Starting at the first line of the data below, repeat each line word for word up to and including the line with "Drilbur (89/160) - Primal Clash Pokémon Card".

Stored data =
──────────────────────────────

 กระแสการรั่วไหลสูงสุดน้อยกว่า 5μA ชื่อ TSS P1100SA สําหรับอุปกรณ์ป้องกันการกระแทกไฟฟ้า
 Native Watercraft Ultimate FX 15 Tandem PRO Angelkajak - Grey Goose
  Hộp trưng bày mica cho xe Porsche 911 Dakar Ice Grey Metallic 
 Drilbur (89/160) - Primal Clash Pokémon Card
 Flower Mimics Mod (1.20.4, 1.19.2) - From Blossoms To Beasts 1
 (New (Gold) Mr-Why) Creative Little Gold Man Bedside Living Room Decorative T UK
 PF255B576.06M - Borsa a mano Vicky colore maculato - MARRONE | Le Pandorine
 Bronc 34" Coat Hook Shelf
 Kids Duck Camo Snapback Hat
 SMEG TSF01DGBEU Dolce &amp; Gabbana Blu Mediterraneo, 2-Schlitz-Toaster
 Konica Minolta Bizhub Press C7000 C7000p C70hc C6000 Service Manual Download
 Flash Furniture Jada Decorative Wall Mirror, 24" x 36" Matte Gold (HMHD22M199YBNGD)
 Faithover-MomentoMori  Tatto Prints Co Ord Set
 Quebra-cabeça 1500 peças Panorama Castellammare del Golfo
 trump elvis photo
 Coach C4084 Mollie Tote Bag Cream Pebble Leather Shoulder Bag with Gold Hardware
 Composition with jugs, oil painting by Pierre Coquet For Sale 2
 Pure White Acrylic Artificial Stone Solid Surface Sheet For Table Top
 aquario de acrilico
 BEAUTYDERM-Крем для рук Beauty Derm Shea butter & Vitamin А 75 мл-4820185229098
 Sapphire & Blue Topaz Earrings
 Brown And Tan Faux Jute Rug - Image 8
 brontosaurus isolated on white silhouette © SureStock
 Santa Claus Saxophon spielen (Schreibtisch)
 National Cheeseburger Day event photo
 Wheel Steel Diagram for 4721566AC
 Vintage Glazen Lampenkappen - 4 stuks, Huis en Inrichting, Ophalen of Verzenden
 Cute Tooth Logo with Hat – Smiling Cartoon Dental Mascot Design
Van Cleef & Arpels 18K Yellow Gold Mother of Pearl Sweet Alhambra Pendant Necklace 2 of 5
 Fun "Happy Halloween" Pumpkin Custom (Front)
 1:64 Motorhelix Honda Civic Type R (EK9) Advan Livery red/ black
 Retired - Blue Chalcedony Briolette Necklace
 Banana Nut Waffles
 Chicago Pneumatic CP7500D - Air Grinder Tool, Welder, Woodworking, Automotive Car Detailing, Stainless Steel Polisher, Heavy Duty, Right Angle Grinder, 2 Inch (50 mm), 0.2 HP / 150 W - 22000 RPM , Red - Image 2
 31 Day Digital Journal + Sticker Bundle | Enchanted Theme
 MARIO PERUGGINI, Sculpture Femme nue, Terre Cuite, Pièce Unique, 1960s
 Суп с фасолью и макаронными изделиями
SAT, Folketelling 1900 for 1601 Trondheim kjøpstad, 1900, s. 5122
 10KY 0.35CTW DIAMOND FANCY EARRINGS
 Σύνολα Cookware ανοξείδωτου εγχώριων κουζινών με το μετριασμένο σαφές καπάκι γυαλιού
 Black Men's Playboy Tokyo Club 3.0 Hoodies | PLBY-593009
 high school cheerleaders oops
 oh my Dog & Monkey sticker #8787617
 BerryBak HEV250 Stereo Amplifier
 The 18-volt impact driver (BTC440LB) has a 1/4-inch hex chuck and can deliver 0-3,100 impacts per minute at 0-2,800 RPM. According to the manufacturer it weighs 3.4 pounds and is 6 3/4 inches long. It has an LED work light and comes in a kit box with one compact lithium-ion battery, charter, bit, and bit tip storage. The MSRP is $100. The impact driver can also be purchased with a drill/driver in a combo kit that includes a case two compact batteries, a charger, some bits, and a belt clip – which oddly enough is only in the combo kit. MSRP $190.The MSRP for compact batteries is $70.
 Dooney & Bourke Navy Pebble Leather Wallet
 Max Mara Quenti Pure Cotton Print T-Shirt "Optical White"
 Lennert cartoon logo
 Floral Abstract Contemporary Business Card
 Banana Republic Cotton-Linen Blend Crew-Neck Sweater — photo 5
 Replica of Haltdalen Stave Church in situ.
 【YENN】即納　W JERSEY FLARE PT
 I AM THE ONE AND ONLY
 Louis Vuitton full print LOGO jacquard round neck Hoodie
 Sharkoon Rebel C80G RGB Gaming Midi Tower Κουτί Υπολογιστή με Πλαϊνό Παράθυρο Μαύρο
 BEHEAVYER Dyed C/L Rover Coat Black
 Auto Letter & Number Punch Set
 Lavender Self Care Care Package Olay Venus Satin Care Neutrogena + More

──────────────────────────────

Response for this exercise =
 กระแสการรั่วไหลสูงสุดน้อยกว่า 5μA ชื่อ TSS P1100SA สําหรับอุปกรณ์ป้องกันการกระแทกไฟฟ้า
 Native Watercraft Ultimate FX 15 Tandem PRO Angelkajak - Grey Goose
  Hộp trưng bày mica cho xe Porsche 911 Dakar Ice Grey Metallic 
 Drilbur (89/160) - Primal Clash Pokémon Card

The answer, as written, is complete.